Though these middlemen (dealers) are thriving at the expense of taxpayers’ money, the government has done little in the last five and a half years to correct the price of the Bangladesh Petroleum Corporation (BPC)-produced liquefied petroleum gas in line with the market rate, reports the Daily Star.

State-owned BPC sells a 12.5kg LP gas cylinder for Tk 700, while private companies sell a 12kg cylinder for Tk 1,450. This price gap of over 100 percent has been encouraging unscrupulous dealers to sell the entire lot of the BPC gas in black markets.

“Majority of your points is true. Dealers who sell both BPC and private companies’ gas eat up the benefits of the subsidised gas,” BPC Chairman Eunusur Rahman told The Daily Star.

Rahman said the armed forces, police and some government agencies got the gas at Tk 700 a cylinder. But BPC officials said it was only 12 to 15 percent of the total gas the BPC sells per year. So, 85 percent of BPC’s LP gas is pocketed by unscrupulous dealers who sell those at market rate more than double the BPC price.

“We had submitted proposals several times to hike the price, but they were not accepted,” said the BPC chairman.

Currently, the yearly consumption of LP gas in the country is 1 lakh tonnes — 80 percent of it imported and the rest produced by the BPC. Local companies Bashundhara and Jamuna Spacetech and French TotalGaz and Australian Kleenheat sell cooking gas by importing it.

In 2013-14, the BPC has produced and sold 20,000 tonnes of LP gas, enough to refill 15 lakh 12.5kg capacity cylinders. The government has to give subsidy of up to Tk 500 per cylinder. In all, the annual subsidy stands at Tk 75 crore, according to the BPC.

Not that the government officials are unaware that middlemen are gobbling up all the subsidies. Yet, the authorities have repeatedly declined to adjust the price upward in line with the market price. At the moment, the gap between government price and market price of a 12kg cylinder is over Tk 800.

Though private players adjust the price in line with the international market price, the BPC did not do so in the past five and a half years. The last time it adjusted the price downward to Tk 700 from 850 was in June 2009. The price cut was made to help BPC compete with private companies that were selling gas at Tk 750-800 a cylinder at the time.

Since then private companies have increased the price several times.

“Apparently, you won’t get the BPC gas in any dealer’s shop.

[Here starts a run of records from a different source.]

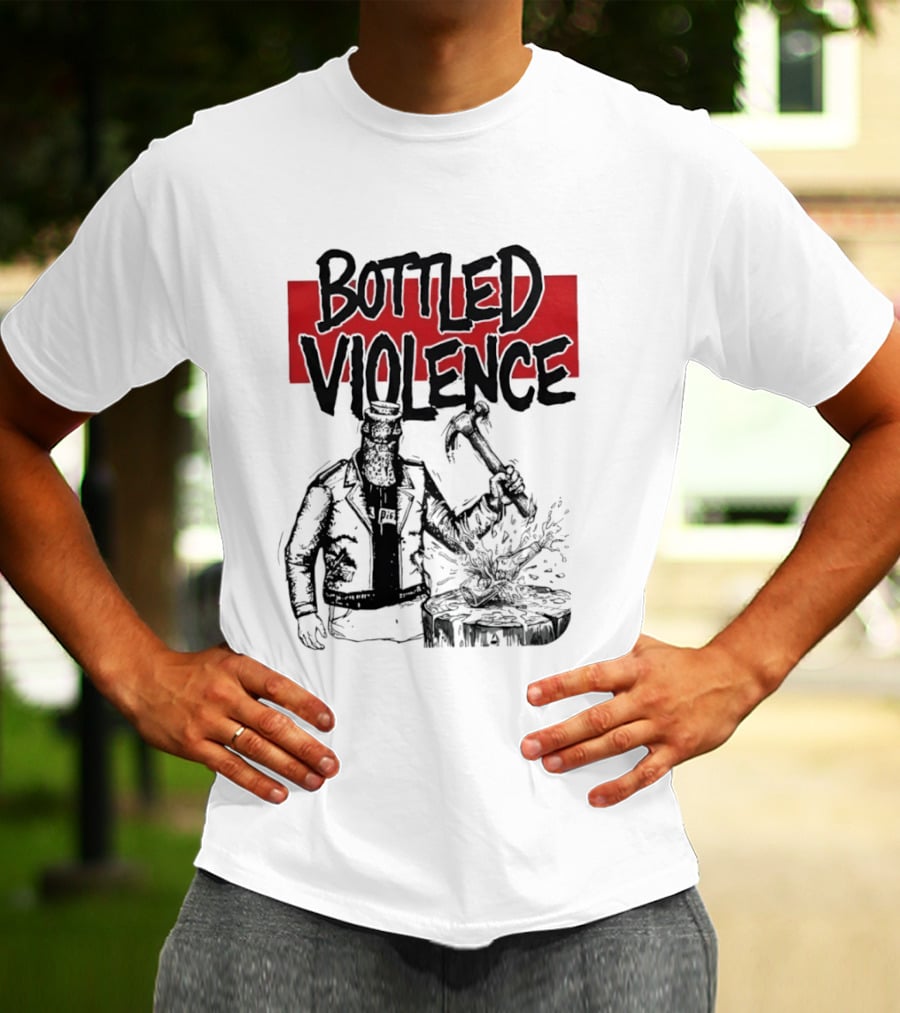 Bottled Violence Character With Hammer And Red T-Shirt
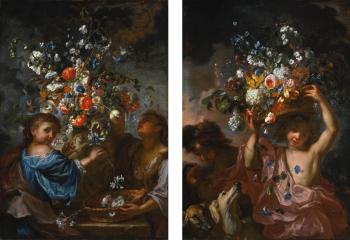 Two Ornate Still Lifes: The Former With Two Girls Laying Out Flowers In An Urn, The Figures By Giacinto Brandi; The Latter With a Boy Holding Up a Basket of Flowers Beside Two Dogs, The Figures By Giovan Battista Gaulli, Called Baciccio by 
																	Karel van Vogelaer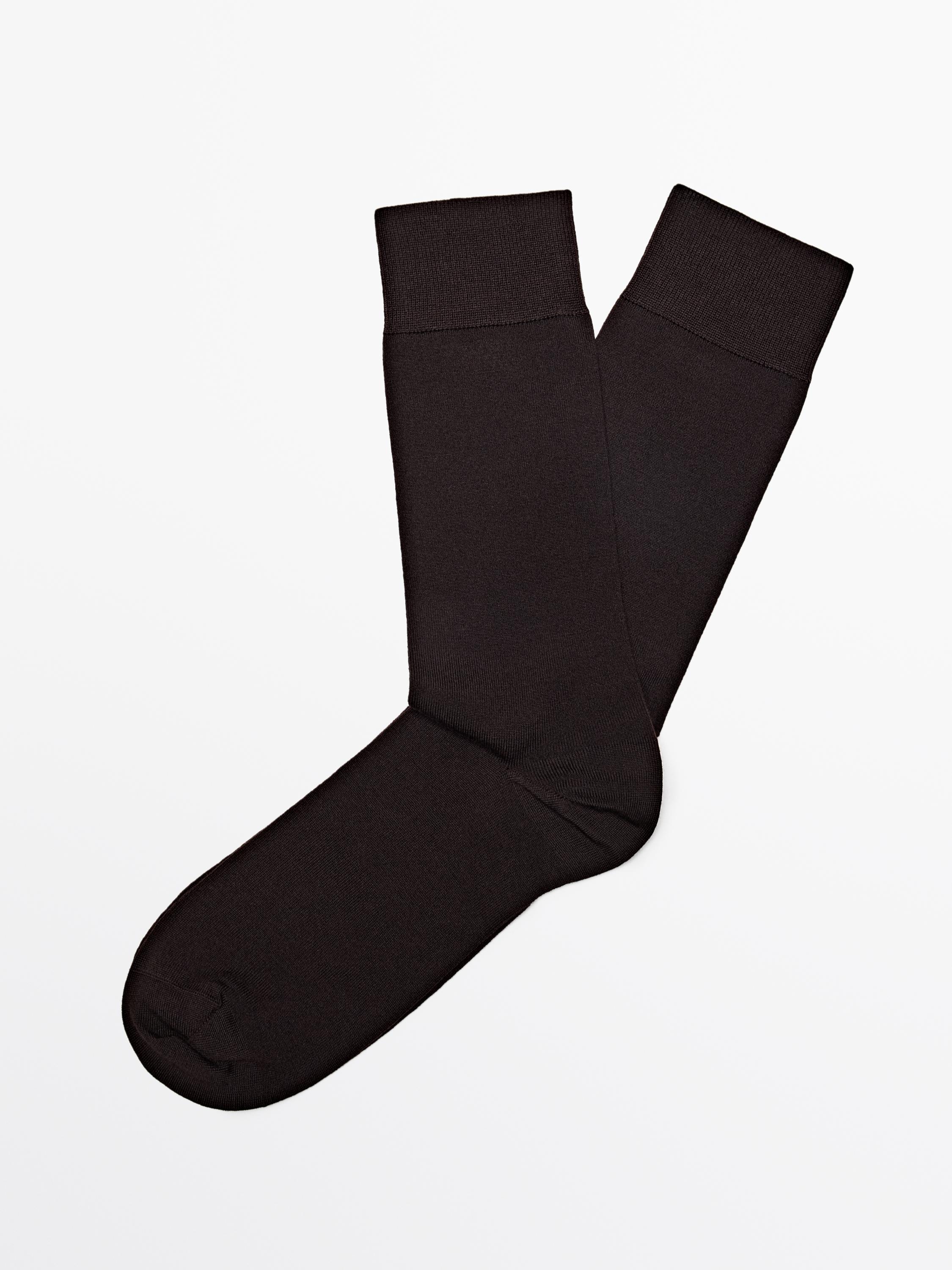 Plain wool blend knit socks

They erase BPC’s name from the cylinder and sell it at market price,” said a senior official of BPC’s LPG Plant in Chittagong.

He said he wanted to rebrand the product to stop the malpractice by dealers and help consumers get it at the subsidised rate.

Analysts say there is no reason behind continuing the subsidy when the BPC cannot intervene in the market and when consumers do not get its benefit.

“It is tough to intervene in the market with 15-20 percent share. It can hardly create any impact on the market,” said Prof Mustafizur Rahman, executive director of Centre for Policy Dialogue. “So, the government has to rethink about the subsidy on LP gas.”

He also pointed out the issue of selling BPC gas in black markets, which is illegal.

India, which was facing an identical problem, has devised a way out to give the subsidy to the targeted consumers. Now a cooking gas consumer gets Rs 435 directly in his bank account when he books for an LPG cylinder. But the consumer has to buy the gas at the market price.